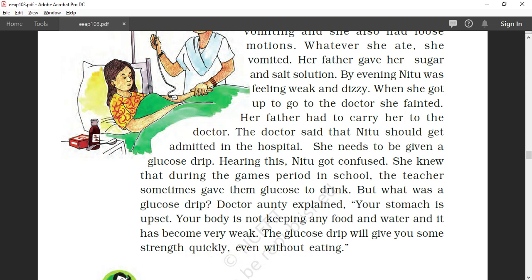Her father had to carry her to the doctor. The doctor said that Neetu should be admitted to the hospital and be given a glucose drip. So why do we give a glucose drip? In Neetu's case, she felt very sick and was unable to eat, so she fainted. She couldn't gain energy because she couldn't eat — due to loose motion and vomiting — so to maintain the balance in her body and her energy levels, she needed artificial food in the form of glucose.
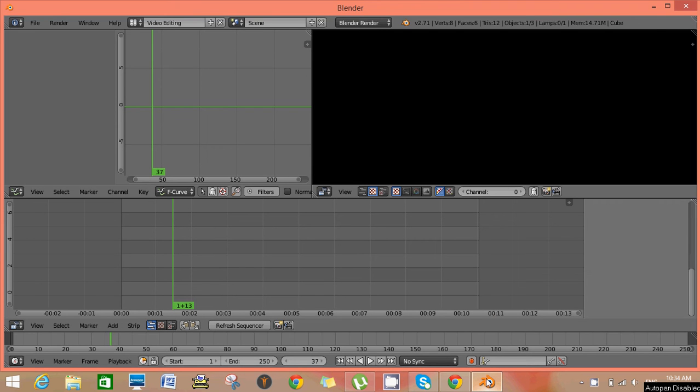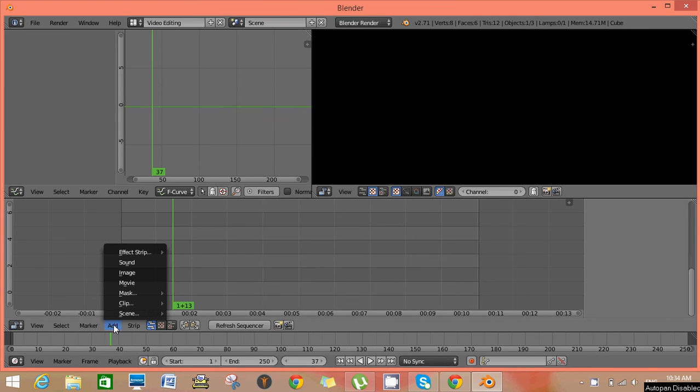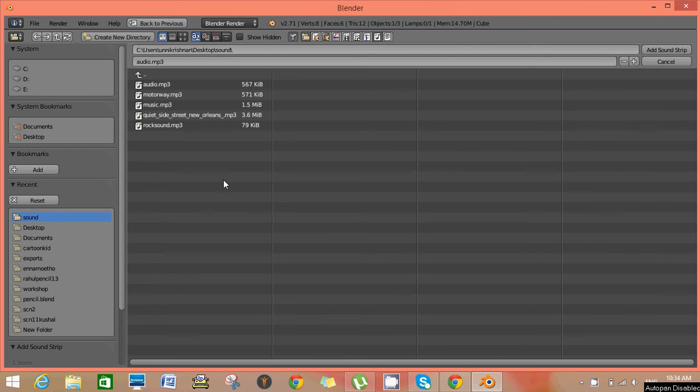Hello. Today I am going to explain a quick tutorial on fade out audio in Blender. First of all, add a sound file to hear sound.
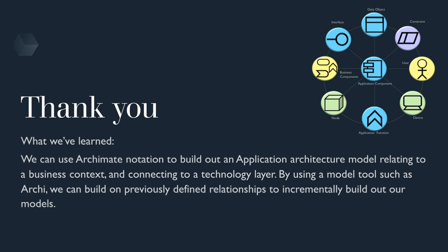I hope you got value out of this and it's helped you fast track your understanding of Archi and the ArchiMate framework. In the next session, we'll cover the technology layer.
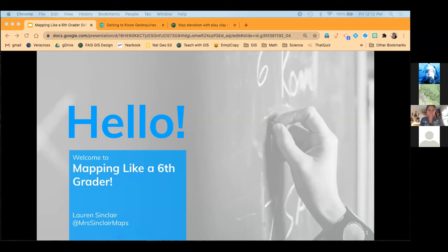Welcome everyone. I'm Lauren Sinclair and I'm a teacher in Portland, Oregon, and I teach middle school. I've taught pretty much every subject in middle school, but right now I'm focusing on math, science, and technology. As a technology teacher, I am a GIS teacher — geospatial information systems — mostly using ArcGIS Online. So I'm very passionate about what you have all been learning today.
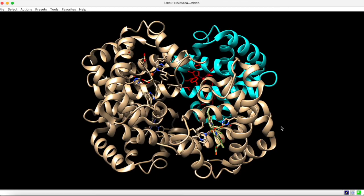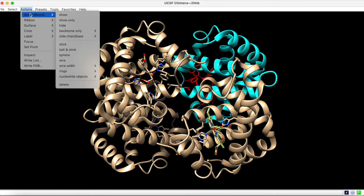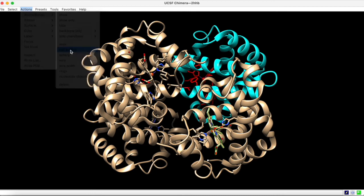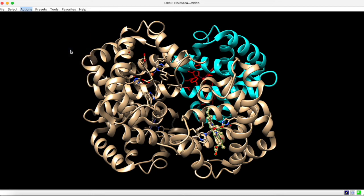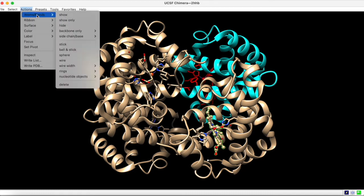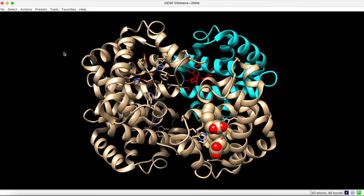You can also use actions in Chimera to toggle structural representation as well as coloration. Like before, I've used intersect to select the heme group associated with chain B. Under Actions, Atoms, and Bonds, we can toggle the representation. For example, choosing ball and stick will change the representation as shown here. If we want a more space-filling model, we can choose sphere.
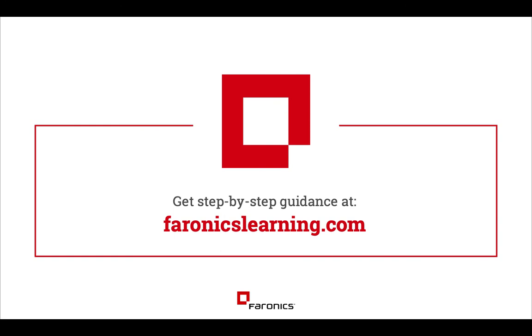We offer an online certification program, so please take a look at FaronicsLearning.com where you can take a whole variety of e-learning courses, become certified, and really make the most out of your software.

Brief: The answer must consist solely of the lines from the first line of the records through the line containing "Hello. Today I", reproduced exactly and without the pictures.

Task output:
Her father had to carry her to the doctor. The doctor said that Neetu should be admitted to the hospital and be given a glucose drip. So why do we give a glucose drip? In Neetu's case, she felt very sick and was unable to eat, so she fainted. She couldn't gain energy because she couldn't eat — due to loose motion and vomiting — so to maintain the balance in her body and her energy levels, she needed artificial food in the form of glucose.
Hello. Today I am going to explain a quick tutorial on fade out audio in Blender. First of all, add a sound file to hear sound.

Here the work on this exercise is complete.